• Task statement: Every line below from the one containing "Neve Campbell as" through the one containing "dining area featuring" is to be printed exactly, with the pictures omitted.

• Dataset excerpts:
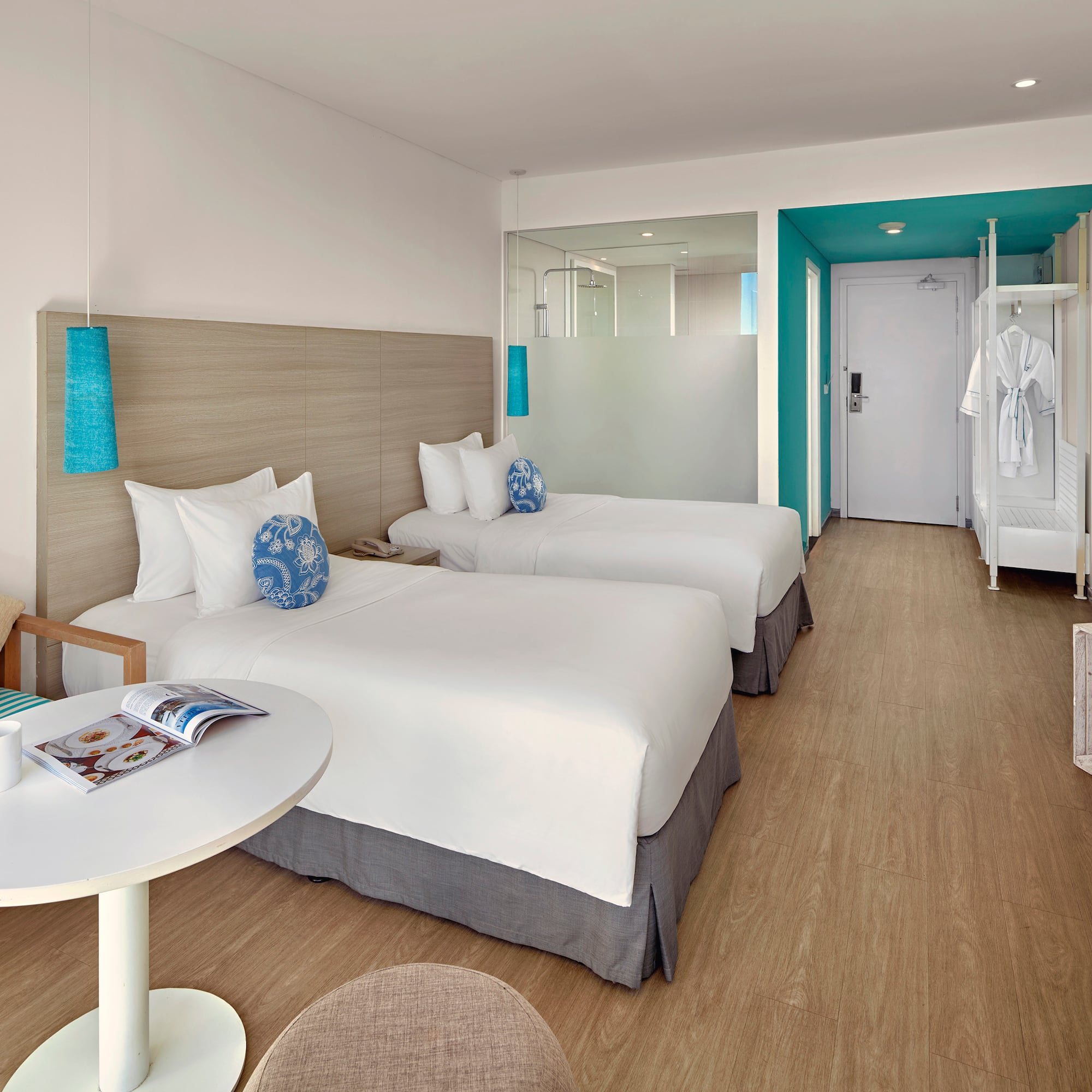 a room with two beds and a table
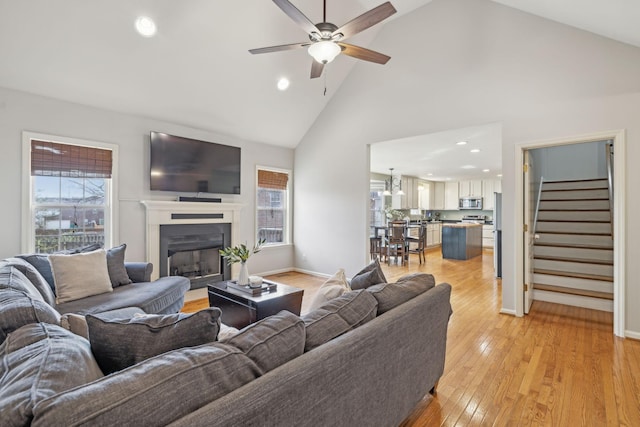 living area featuring light wood-type flooring, a fireplace, baseboards, ceiling fan, and stairs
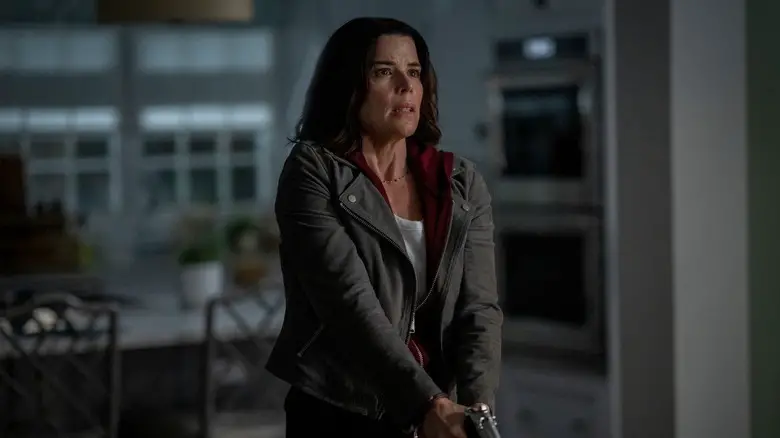 Neve Campbell as Sidney Prescott with a gun out in her kitchen in Scream 7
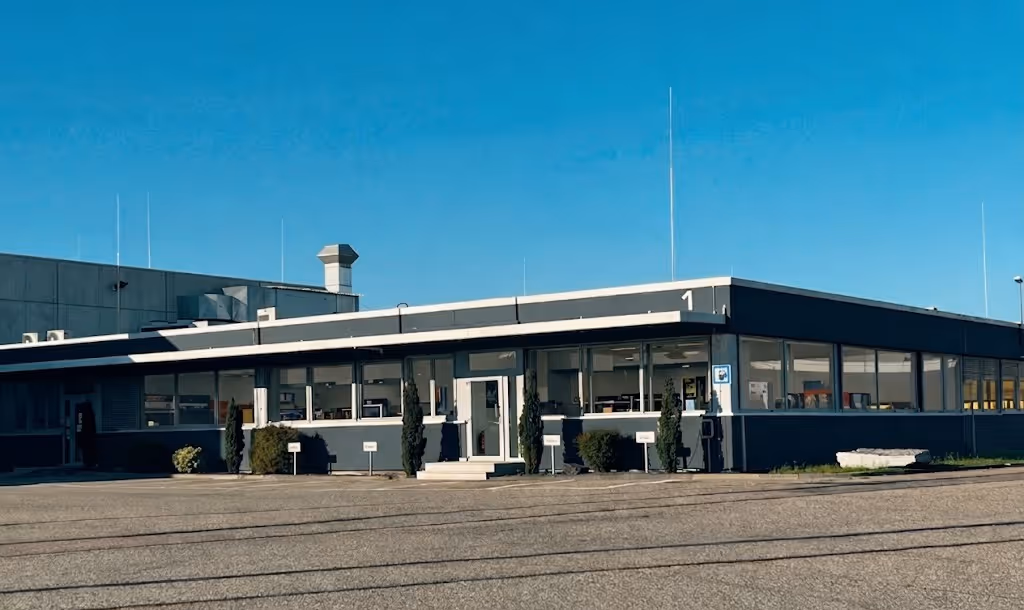 Flaches Bürogebäude mit großen Fenstern und klarem blauem Himmel im Hintergrund.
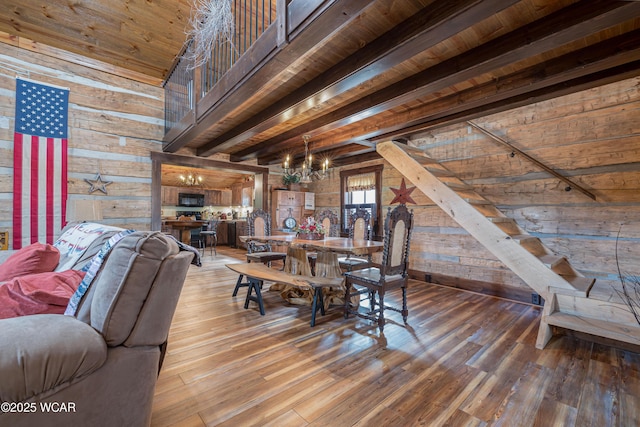 dining area featuring wood walls, an inviting chandelier, wood finished floors, and beamed ceiling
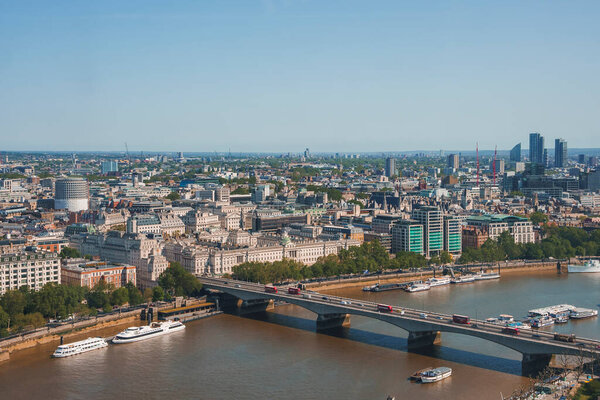 Aerial shot of vehicles moving on waterloo bridge. Beautiful view of river Thames during sunny day. Cityscape under clear blue sky.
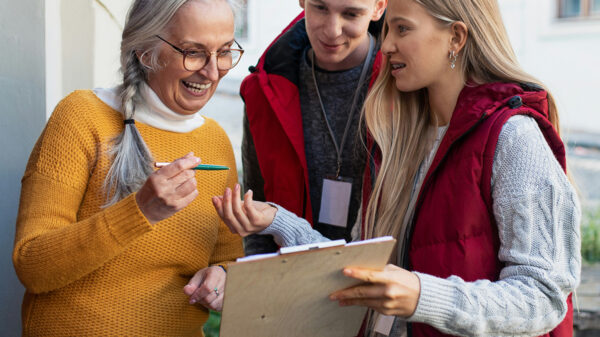 People signing a petition by a door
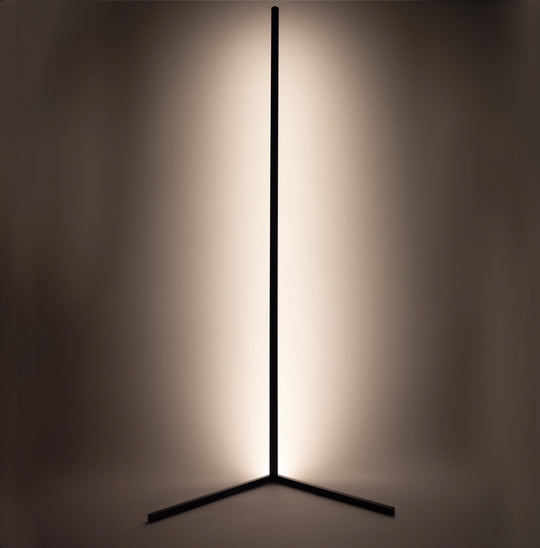 Black corner floor lamp glowing warm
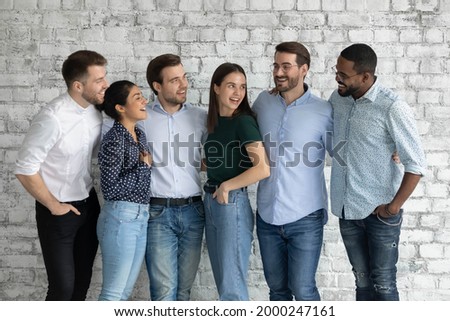 Happy diverse interns or newcomer employees celebrating getting hired, sharing success, hugging, talking, laughing. Smiling people discussing together teamwork. We are like multi racial family Royalty-Free Stock Photo #2000247161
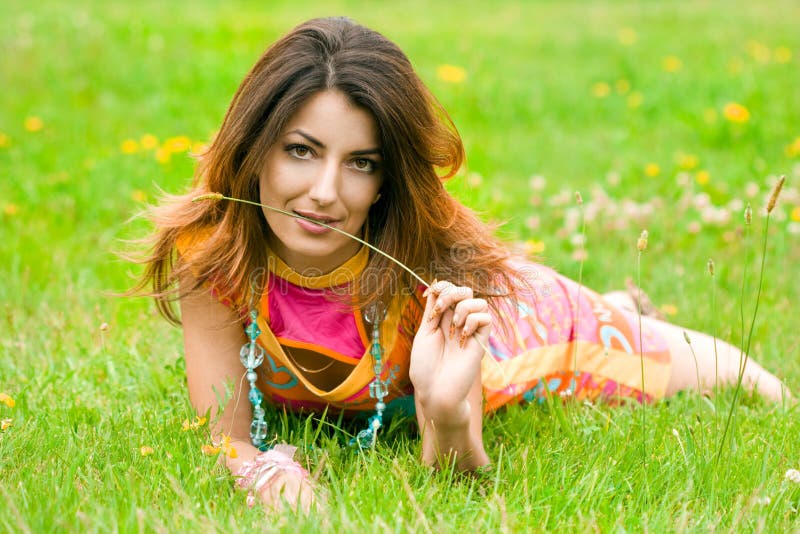 Woman lies on a grass in the field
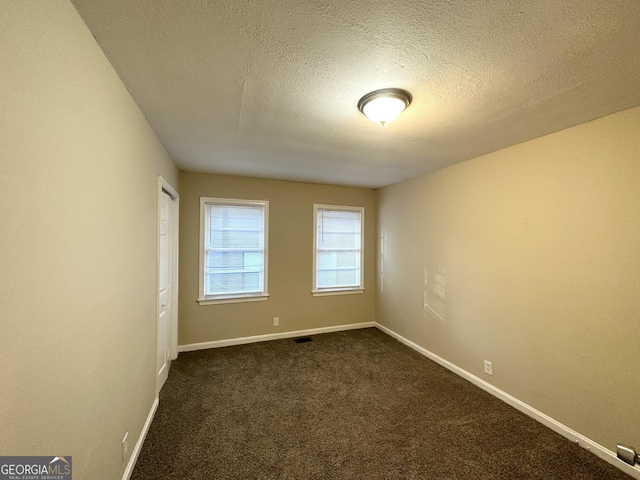 carpeted empty room featuring a textured ceiling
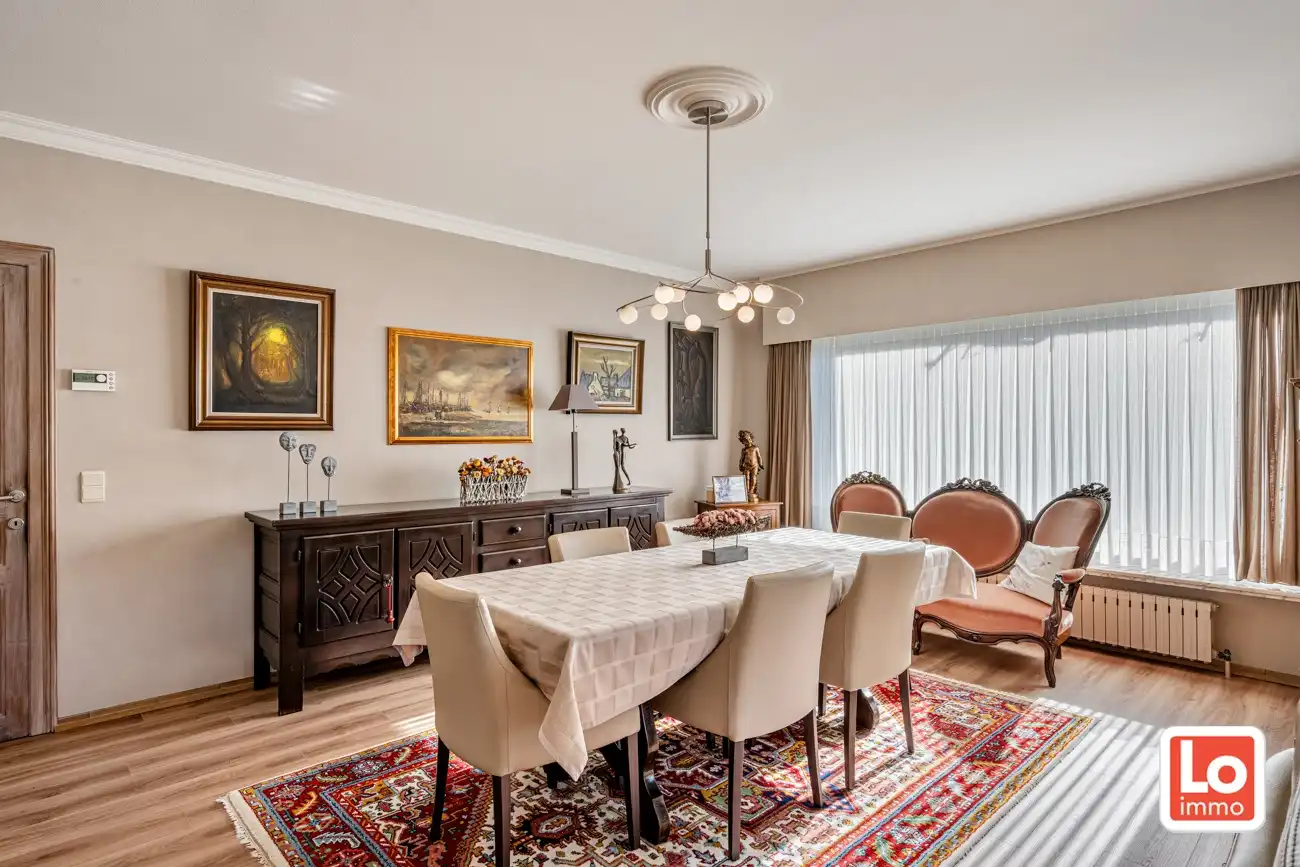 Degelijke open gelijkvloerse woning met inpandige garage en grote tuin op een groene toplocatie in Beervelde! foto 12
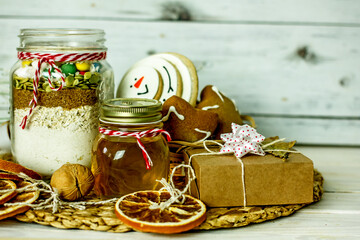 Homemade Christmas Food Gifts.Homemade cookies nuts, gingerbread, a jar of honey, dried oranges, a mixture for baking cookies in a jar on a wooden background. The concept of cozy, soulful DIY gifts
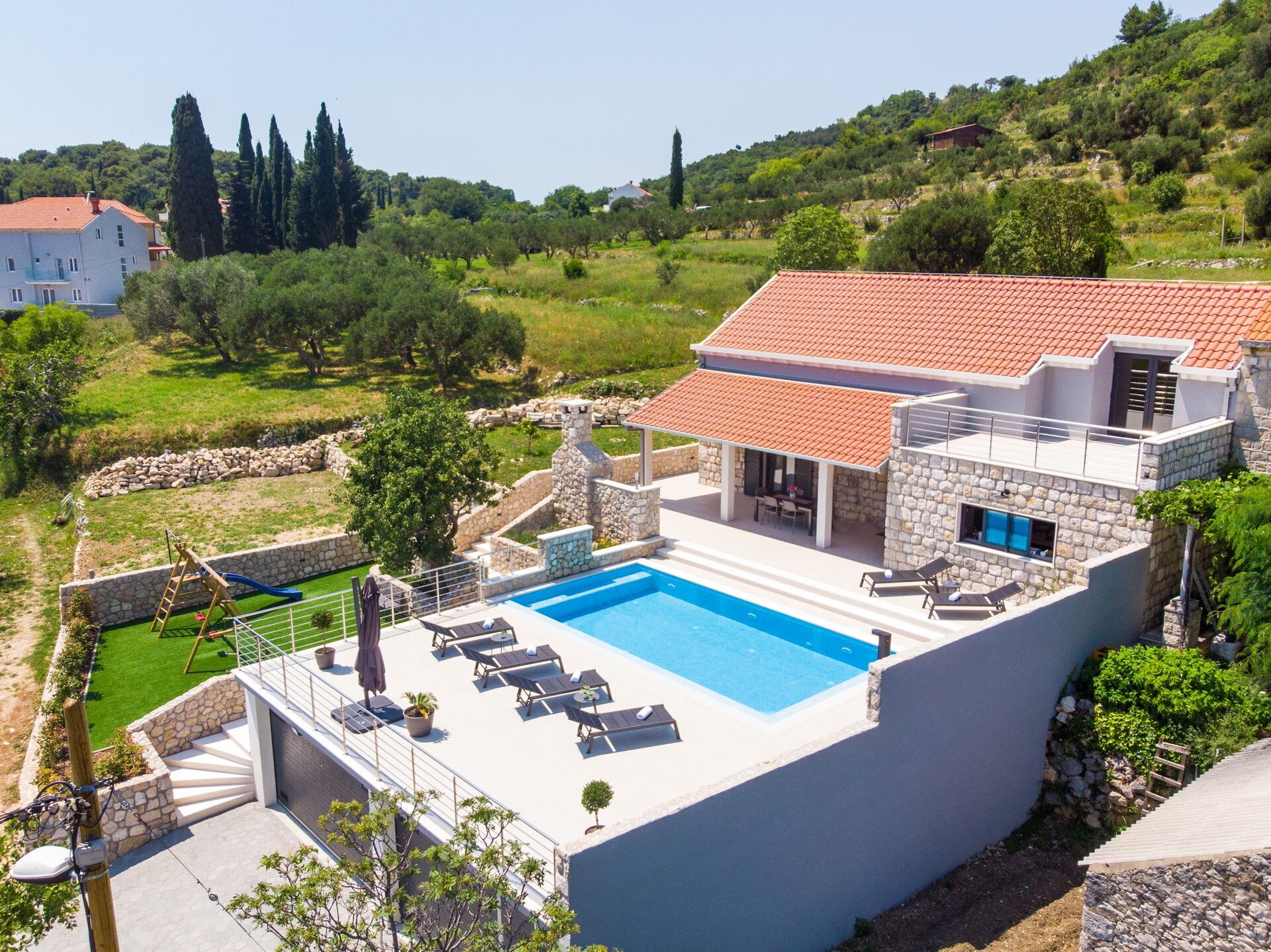 Eine moderne Villa mit Swimmingpool, Steinmauern und Blick auf die umliegende Landschaft.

• Expected output:
 Neve Campbell as Sidney Prescott with a gun out in her kitchen in Scream 7
 Flaches Bürogebäude mit großen Fenstern und klarem blauem Himmel im Hintergrund.
 dining area featuring wood walls, an inviting chandelier, wood finished floors, and beamed ceiling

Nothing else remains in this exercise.